### Your instructions
Once you find the line below that has "Cleveland Co, NC, Births, A-Z, 1978-1990", output it and every line after it exactly, stopping after the line that has "Selection site. Selective", with no pictures.

### Extracted entries
........
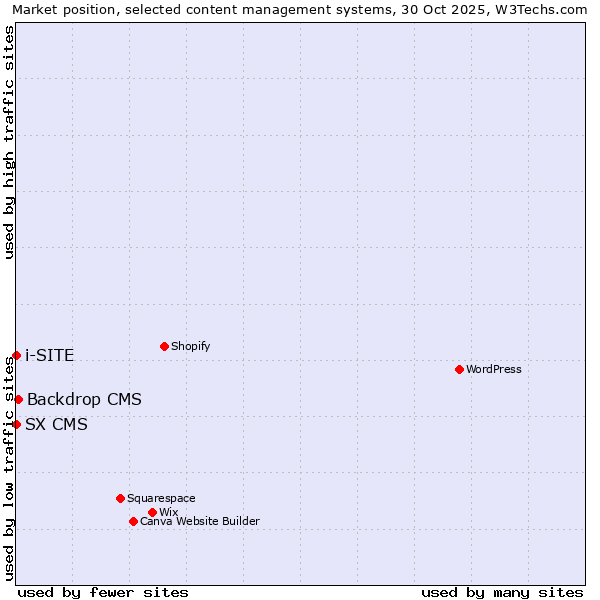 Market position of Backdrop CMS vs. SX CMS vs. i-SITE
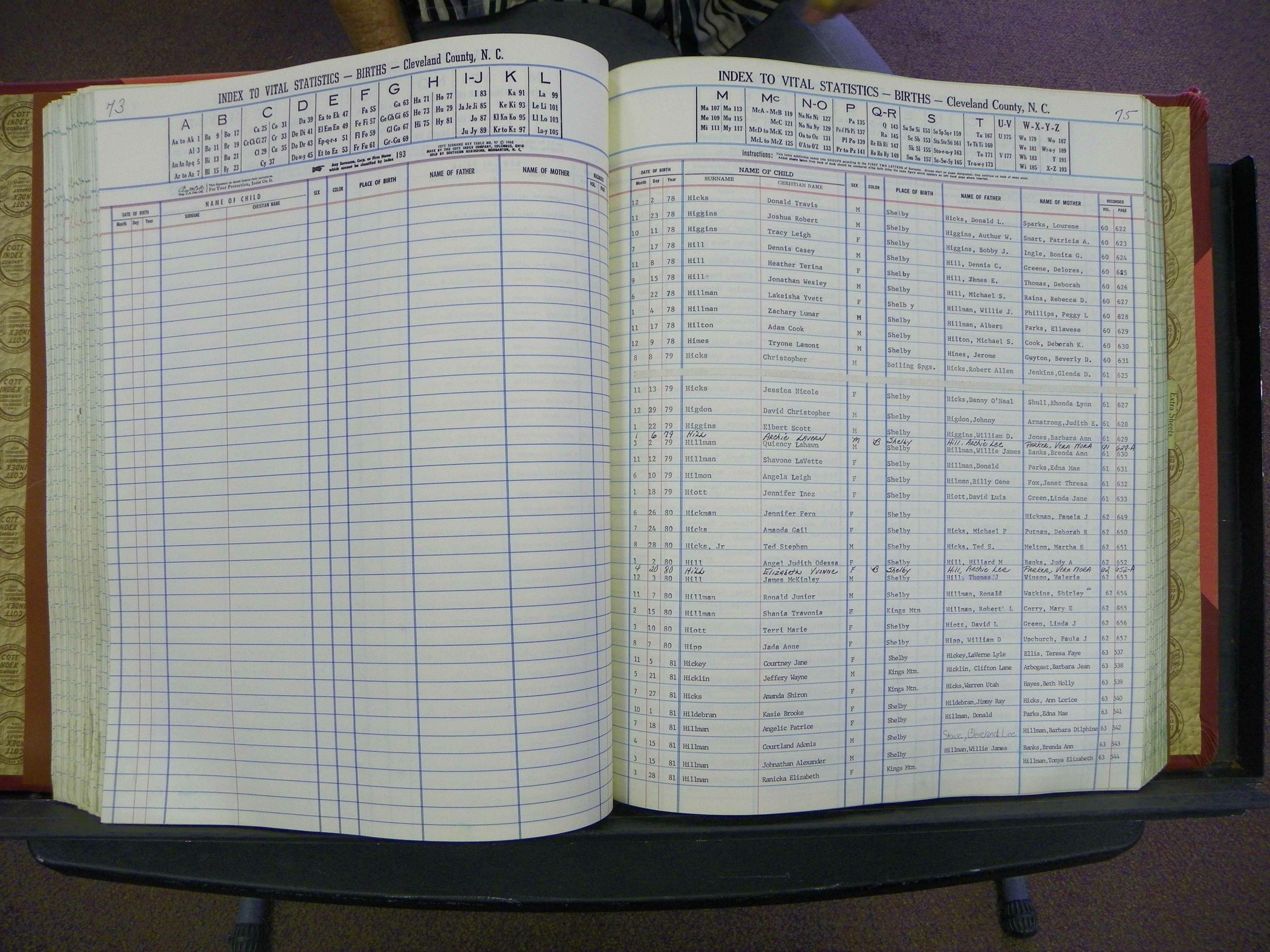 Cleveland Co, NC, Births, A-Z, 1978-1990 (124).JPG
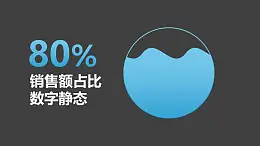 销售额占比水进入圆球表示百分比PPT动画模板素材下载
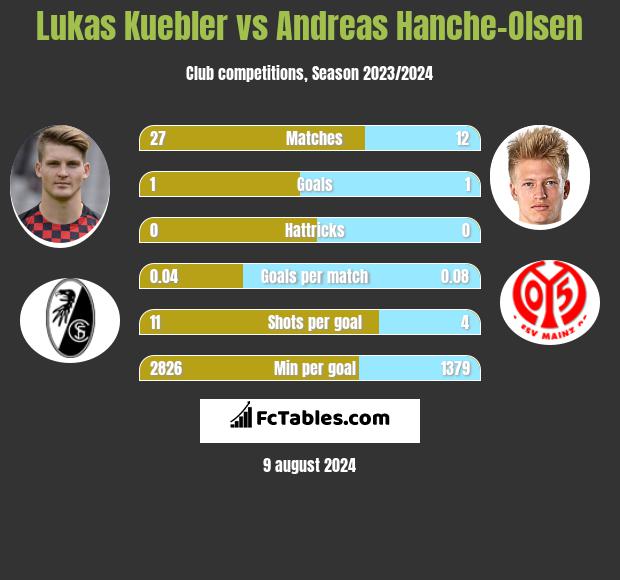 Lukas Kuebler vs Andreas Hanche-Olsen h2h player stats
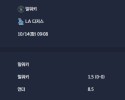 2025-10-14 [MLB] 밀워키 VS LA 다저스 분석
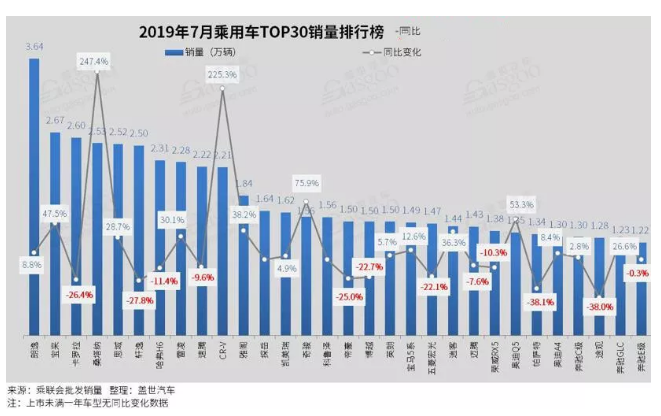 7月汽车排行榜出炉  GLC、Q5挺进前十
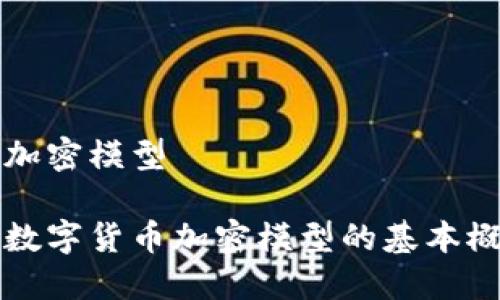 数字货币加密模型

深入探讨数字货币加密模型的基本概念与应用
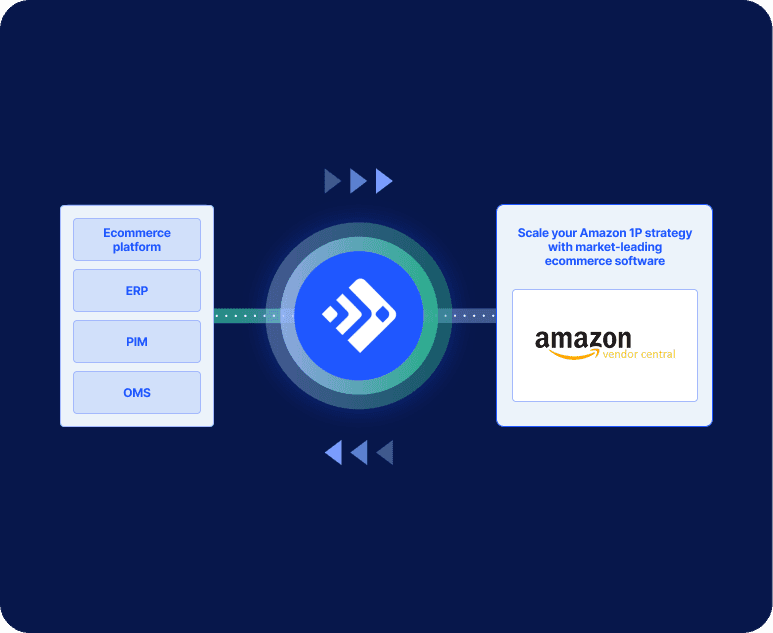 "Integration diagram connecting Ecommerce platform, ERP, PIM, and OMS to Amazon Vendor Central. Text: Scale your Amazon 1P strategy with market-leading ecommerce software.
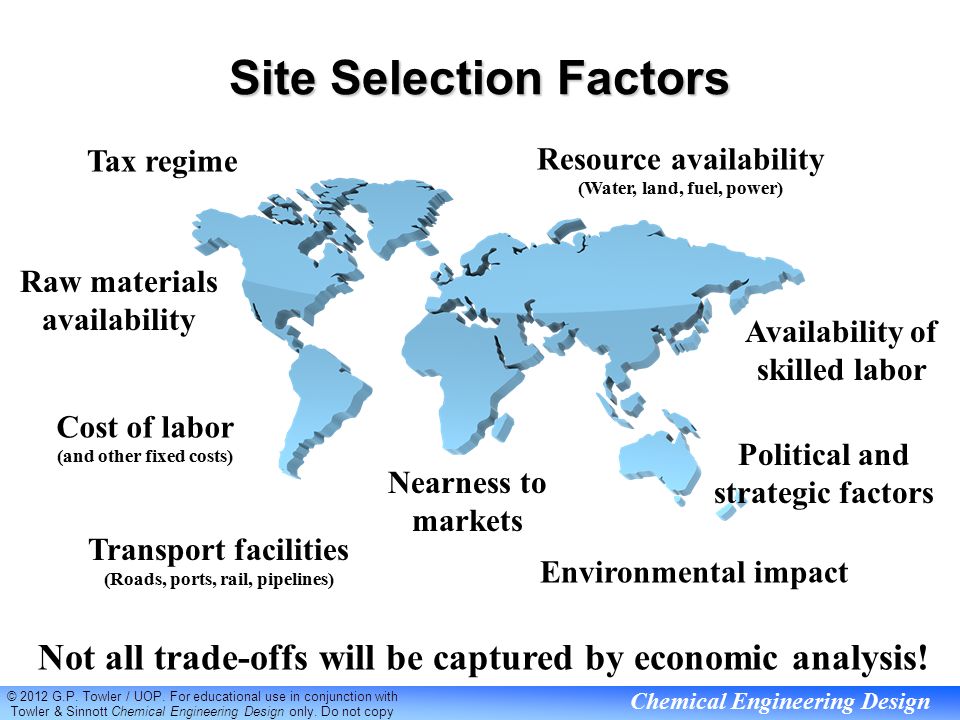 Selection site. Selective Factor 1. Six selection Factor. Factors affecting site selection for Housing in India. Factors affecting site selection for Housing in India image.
........
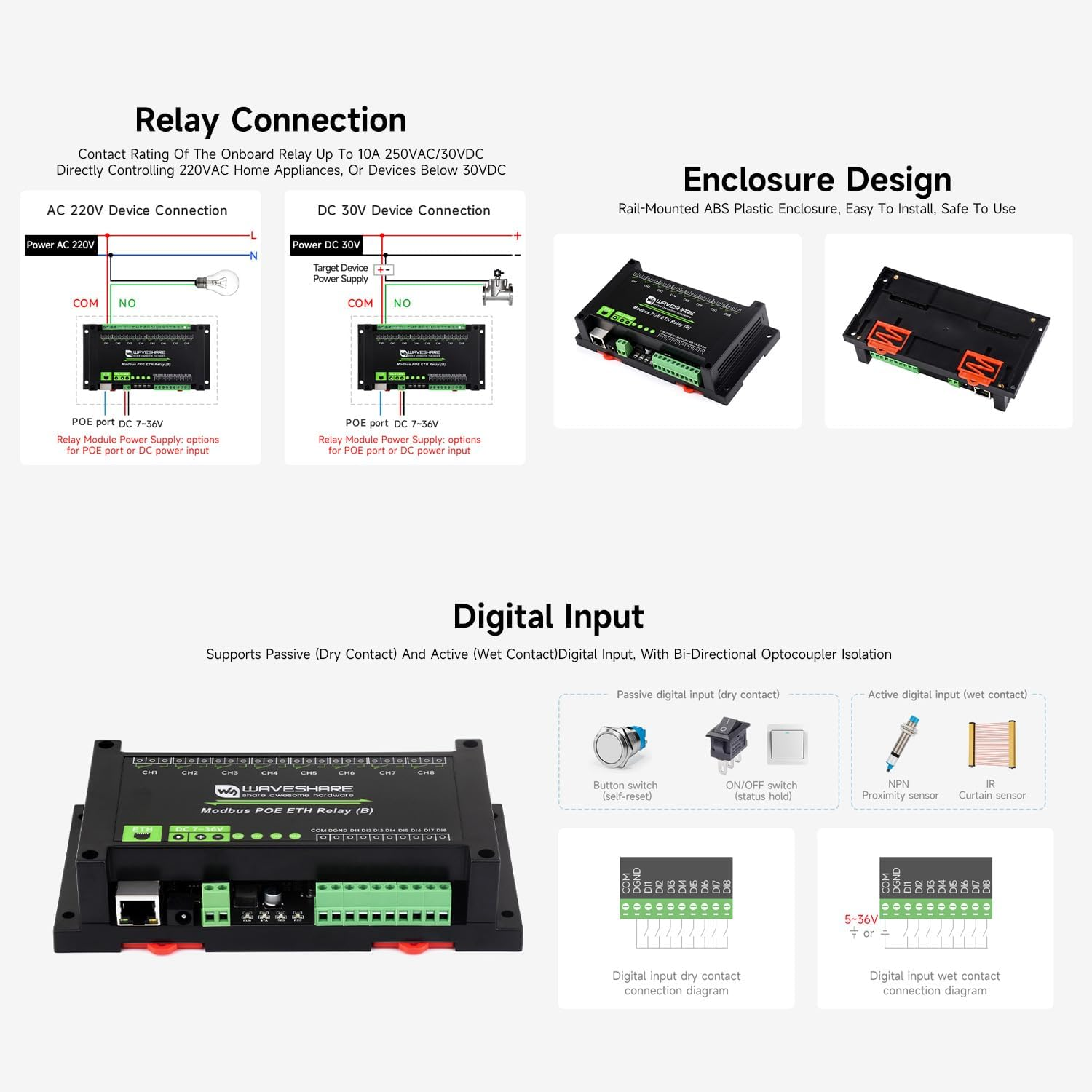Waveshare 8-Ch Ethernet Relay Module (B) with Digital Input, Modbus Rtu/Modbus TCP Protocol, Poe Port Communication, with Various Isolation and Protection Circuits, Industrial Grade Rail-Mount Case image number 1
........
### Response
 Cleveland Co, NC, Births, A-Z, 1978-1990 (124).JPG
 销售额占比水进入圆球表示百分比PPT动画模板素材下载
 Lukas Kuebler vs Andreas Hanche-Olsen h2h player stats
 2025-10-14 [MLB] 밀워키 VS LA 다저스 분석
 7月汽车排行榜出炉  GLC、Q5挺进前十
 数字货币加密模型

深入探讨数字货币加密模型的基本概念与应用
 "Integration diagram connecting Ecommerce platform, ERP, PIM, and OMS to Amazon Vendor Central. Text: Scale your Amazon 1P strategy with market-leading ecommerce software.
 Selection site. Selective Factor 1. Six selection Factor. Factors affecting site selection for Housing in India. Factors affecting site selection for Housing in India image.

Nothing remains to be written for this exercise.